| 5 October 2004
Archaeologists fight to save Scotland's coastal heritage
Archaeologists are warning that coastal erosion threatens to destroy around 12,000 of Scotlandís 35,000 important archaeological sites. Around 500 of these sites are of national or international importance, and may be lost to the sea forever.
In 2001, a group of Scottish archaeologists set up the SCAPE (Scottish Coastal Archaeology and the Problem of Erosion) Trust. At a conference organised by SCAPE last week, Tom Dawson, a research fellow from St Andrews University's environmental history department, said "With every winter storm, more damage is done to some sites. It gets to a point where it is not worth doing anything to the site because there is not much left to salvage. Once erosion starts it is pretty quick and you can lose [a site] to erosion in five years easily."
Around 70% of Scotland's 7,500-mile coastline has never been surveyed for sites of archaeological interest. Archaeologists want the Scottish Executive to provide funding to enable them to identify the most important sites and undertake emergency excavations.
Some well-known sites are already under threat from rising sea-levels, such as the Pictish cave carvings at East Wemyss in Fife. The Iron Age settlement of Cnoc Sornain on Benbecula in the Western Isles, prehistoric sites in Sands of Forvie in Aberdeenshire, a burial site at Sanday, Orkney, and an Iron Age house at Sandwich Bay on Unst, Shetland are all under threat.
Mr Dawson said "At Wemyss, the foreshore is washing away and there are minimal coastal defences.

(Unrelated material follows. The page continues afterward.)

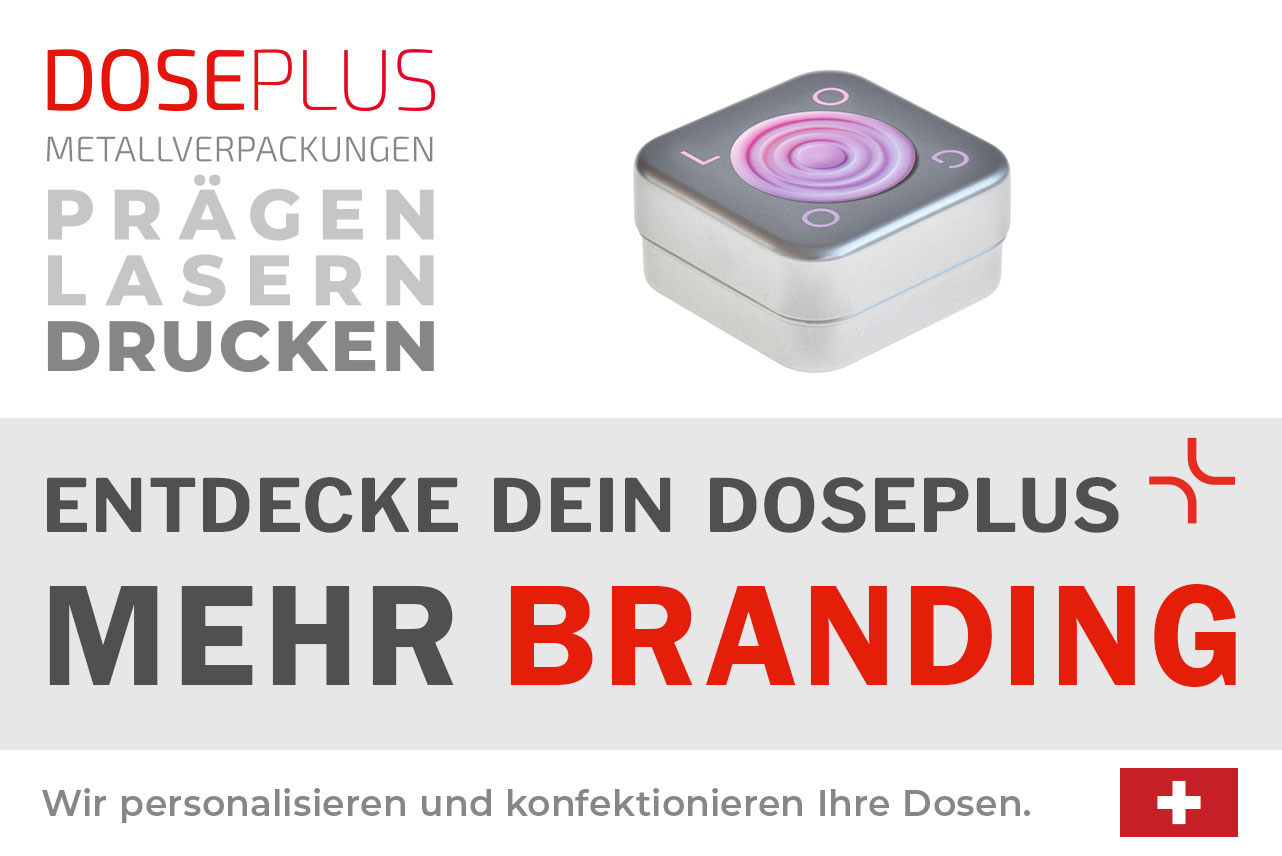 Doseplus Seifendose DSS-065 – entdecke dein Doseplus, mehr Branding. Robuste quadratische Metalldose perfekt für Seifen, Pflegeprodukte oder Branding-Geschenke.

At least a few skeletons have been washed away in the past few years, and one cave which had drawings has already collapsed. Everyone closes their eyes to erosion. Because this is natural erosion no one has any responsibility to do this work. Historic Scotland has no legal responsibility - though perhaps it has moral responsibility."
Patrick Ashmore, the principal inspector of ancient monuments at Historic Scotland, said that preservation in situ isn't an option because of the cost, with the exception of internationally important sites like the neolithic site of Skara Brae in Orkney, which is protected by sea walls.
A Scottish Executive spokeswoman said: "Matters relating to the protection of archaeological sites are for Historic Scotland to address. We would expect the trust to make formal representation to Historic Scotland on their concerns. On Thursday the deputy minister for environment and rural development announced that £89m has been made available for flood and coastal protection. It is a matter for local authorities working with other agencies, such as Historic Scotland, to prepare plans for defence schemes."